Contingency Planning for Safety-Critical Autonomous Vehicles: A Review and Perspectives

TL;DR

This paper surveys contingency planning in autonomous vehicles, categorizing approaches into reactive and proactive strategies, and discusses challenges in formal guarantees versus empirical validation for safety-critical systems.

Contribution

It introduces a unified framework and taxonomy for contingency planning, analyzing the structural and methodological differences in handling hazards in AVs.

Findings

Reactive safety mainly addresses internal faults with fail-safe mechanisms.

Proactive safety involves branching strategies for external hazards.

Formal guarantees are common for physical hazards, but less so for semantic anomalies.

Abstract

Contingency planning is the architectural capability that enables autonomous vehicles (AVs) to anticipate and mitigate discrete, high-impact hazards, such as sensor outages and adversarial interactions. This paper presents a comprehensive survey of the field, synthesizing fragmented literature into a unified logic-conditioned hybrid control framework.

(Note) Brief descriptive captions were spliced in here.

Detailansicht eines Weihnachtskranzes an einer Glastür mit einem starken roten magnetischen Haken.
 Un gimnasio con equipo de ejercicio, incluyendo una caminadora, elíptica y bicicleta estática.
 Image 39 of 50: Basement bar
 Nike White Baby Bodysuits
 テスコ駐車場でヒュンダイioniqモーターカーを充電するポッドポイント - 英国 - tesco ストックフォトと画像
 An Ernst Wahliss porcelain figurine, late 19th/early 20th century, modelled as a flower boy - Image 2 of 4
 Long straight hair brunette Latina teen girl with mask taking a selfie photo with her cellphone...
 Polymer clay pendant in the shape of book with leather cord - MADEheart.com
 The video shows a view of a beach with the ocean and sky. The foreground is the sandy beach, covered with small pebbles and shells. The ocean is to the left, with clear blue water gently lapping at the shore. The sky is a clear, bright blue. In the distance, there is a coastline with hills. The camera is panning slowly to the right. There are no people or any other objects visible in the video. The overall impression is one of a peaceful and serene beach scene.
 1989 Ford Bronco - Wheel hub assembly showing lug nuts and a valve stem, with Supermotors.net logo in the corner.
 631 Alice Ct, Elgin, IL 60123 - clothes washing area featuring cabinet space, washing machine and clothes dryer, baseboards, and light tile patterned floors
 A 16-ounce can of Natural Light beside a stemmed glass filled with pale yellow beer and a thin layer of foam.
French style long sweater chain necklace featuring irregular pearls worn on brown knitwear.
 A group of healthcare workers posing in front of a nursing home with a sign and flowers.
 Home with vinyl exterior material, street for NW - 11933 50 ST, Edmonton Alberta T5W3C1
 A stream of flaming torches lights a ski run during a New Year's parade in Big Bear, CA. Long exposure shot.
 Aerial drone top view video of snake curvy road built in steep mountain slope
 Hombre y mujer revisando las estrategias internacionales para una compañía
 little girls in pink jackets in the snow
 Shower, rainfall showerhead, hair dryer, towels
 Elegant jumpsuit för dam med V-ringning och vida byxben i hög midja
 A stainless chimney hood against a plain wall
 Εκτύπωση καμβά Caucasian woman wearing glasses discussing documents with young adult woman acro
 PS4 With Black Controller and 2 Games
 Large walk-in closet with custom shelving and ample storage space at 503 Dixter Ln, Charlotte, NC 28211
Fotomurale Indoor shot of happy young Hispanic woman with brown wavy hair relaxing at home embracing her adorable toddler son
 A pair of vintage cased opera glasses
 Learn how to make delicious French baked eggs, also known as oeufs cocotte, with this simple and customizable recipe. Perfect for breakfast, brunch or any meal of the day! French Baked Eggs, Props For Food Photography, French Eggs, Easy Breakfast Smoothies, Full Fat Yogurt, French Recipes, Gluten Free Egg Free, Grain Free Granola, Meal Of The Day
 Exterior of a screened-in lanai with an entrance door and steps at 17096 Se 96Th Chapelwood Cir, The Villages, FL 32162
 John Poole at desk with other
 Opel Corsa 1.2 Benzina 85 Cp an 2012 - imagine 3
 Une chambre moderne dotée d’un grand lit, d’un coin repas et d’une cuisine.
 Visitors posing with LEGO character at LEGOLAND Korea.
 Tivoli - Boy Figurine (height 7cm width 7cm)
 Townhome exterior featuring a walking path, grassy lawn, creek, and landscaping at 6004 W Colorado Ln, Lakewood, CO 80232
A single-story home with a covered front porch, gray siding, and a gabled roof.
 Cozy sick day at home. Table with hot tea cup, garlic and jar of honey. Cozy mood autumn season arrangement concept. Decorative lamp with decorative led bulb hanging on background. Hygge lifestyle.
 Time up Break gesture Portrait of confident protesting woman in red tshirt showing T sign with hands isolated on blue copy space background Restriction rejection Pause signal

Within this formalism, we categorize approaches into two distinct paradigms: Reactive Safety, which responds to realized hazards by enforcing safety constraints or executing fail-safe maneuvers; and Proactive Safety, which optimizes for future recourse by branching over potential modal transitions. In addition, we propose a fine-grained taxonomy that partitions the landscape into external contingencies (environmental and interactive hazards) and internal contingencies (system faults). Through a critical comparative analysis, we reveal a fundamental structural divergence: internal faults are predominantly addressed via reactive fail-safe mechanisms, whereas external interaction uncertainties increasingly require proactive branching strategies. Furthermore, we identify a critical methodological divergence: whereas physical hazards are typically managed with formal guarantees, semantic and out-of-distribution anomalies currently rely heavily on empirical validation. We conclude by identifying the open challenges in bridging the gap between theoretical guarantees and practical validation, advocating for hybrid architectures and standardized benchmarking to transition contingency planning from formulation to certifiable real-world deployment.